=== DATA FOR PROCESSING ===
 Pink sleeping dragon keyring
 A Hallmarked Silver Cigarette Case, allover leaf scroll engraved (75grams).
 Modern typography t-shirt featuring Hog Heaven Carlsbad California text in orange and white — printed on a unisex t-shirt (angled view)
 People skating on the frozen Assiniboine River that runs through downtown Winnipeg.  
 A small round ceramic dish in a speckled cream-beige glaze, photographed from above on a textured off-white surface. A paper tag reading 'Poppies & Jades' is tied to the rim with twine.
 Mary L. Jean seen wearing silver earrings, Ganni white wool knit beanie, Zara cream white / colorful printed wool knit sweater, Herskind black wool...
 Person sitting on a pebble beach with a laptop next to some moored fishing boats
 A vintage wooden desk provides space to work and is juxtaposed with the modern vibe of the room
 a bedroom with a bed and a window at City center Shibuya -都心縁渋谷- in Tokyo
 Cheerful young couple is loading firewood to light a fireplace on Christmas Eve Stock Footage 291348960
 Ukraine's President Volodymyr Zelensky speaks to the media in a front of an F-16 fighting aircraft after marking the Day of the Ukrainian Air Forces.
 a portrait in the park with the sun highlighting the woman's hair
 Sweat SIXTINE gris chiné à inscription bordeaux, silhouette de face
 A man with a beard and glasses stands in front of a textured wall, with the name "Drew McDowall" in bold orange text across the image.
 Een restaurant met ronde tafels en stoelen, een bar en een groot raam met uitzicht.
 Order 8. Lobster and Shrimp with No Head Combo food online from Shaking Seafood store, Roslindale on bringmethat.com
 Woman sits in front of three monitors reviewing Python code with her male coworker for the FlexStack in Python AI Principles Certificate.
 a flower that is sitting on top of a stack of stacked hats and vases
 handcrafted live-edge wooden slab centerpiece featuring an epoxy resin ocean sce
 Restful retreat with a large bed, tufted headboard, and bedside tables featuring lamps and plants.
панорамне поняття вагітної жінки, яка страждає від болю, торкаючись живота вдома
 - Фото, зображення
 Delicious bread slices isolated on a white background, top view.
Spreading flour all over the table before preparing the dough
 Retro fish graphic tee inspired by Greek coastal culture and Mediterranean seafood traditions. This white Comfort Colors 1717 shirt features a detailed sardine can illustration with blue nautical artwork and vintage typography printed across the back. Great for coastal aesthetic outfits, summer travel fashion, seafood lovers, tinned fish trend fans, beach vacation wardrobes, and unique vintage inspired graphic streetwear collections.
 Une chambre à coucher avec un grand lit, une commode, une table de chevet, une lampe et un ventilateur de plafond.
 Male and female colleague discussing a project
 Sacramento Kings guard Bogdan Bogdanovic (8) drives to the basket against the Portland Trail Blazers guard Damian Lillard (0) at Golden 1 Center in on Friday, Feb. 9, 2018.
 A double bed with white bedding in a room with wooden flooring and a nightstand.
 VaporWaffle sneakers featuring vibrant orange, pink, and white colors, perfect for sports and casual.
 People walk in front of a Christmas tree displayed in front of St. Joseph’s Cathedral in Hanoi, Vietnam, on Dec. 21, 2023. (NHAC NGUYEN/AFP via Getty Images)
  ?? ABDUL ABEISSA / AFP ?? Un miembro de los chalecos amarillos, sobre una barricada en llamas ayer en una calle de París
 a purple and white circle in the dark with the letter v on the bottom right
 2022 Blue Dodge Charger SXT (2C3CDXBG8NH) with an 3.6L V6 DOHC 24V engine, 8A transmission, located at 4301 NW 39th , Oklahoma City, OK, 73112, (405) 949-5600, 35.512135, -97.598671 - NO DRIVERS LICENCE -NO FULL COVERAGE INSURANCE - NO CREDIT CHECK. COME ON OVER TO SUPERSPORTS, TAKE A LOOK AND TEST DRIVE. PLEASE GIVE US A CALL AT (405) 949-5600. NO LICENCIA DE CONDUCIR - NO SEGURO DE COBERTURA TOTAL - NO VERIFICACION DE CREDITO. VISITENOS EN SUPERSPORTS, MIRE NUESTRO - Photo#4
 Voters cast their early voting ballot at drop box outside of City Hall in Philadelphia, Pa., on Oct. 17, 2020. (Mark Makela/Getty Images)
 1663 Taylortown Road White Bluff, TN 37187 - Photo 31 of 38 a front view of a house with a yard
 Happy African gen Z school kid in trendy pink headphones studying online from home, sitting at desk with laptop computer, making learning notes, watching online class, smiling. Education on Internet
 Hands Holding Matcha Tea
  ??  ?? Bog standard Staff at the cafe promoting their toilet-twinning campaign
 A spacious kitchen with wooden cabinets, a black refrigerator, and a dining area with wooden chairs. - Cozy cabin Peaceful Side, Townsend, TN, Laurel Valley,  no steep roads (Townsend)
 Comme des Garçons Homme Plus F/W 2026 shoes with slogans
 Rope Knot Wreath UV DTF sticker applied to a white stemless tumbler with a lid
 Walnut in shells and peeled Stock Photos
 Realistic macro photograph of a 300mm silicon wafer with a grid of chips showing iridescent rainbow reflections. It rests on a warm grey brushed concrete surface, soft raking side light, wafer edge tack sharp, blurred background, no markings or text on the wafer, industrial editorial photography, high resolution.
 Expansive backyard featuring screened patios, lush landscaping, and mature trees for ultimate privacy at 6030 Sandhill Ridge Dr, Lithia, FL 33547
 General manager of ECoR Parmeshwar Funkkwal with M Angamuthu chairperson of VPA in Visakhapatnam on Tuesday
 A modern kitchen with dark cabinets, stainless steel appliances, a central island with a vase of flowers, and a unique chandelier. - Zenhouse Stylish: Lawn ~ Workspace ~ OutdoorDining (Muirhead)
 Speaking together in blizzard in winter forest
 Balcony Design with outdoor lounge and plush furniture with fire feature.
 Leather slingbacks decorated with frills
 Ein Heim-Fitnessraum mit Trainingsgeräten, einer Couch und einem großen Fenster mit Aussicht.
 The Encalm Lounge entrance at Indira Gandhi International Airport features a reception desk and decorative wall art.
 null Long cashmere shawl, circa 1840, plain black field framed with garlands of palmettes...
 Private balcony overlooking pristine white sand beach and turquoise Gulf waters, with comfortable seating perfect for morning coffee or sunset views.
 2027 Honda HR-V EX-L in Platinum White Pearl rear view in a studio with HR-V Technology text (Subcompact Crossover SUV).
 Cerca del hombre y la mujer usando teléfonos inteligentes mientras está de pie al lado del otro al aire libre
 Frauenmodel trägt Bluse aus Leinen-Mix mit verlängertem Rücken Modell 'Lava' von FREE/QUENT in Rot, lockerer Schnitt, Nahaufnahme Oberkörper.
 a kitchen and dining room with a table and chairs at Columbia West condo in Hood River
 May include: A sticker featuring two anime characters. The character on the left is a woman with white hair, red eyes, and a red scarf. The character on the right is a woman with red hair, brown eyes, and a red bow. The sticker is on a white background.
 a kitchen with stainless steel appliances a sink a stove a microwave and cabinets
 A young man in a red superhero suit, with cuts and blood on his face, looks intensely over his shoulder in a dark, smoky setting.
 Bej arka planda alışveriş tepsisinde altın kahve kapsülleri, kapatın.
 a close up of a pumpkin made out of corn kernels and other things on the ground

=== BRIEF ===
Only the number of lines above that contain "features" should be given as the answer.

=== YOUR SOLUTION ===
2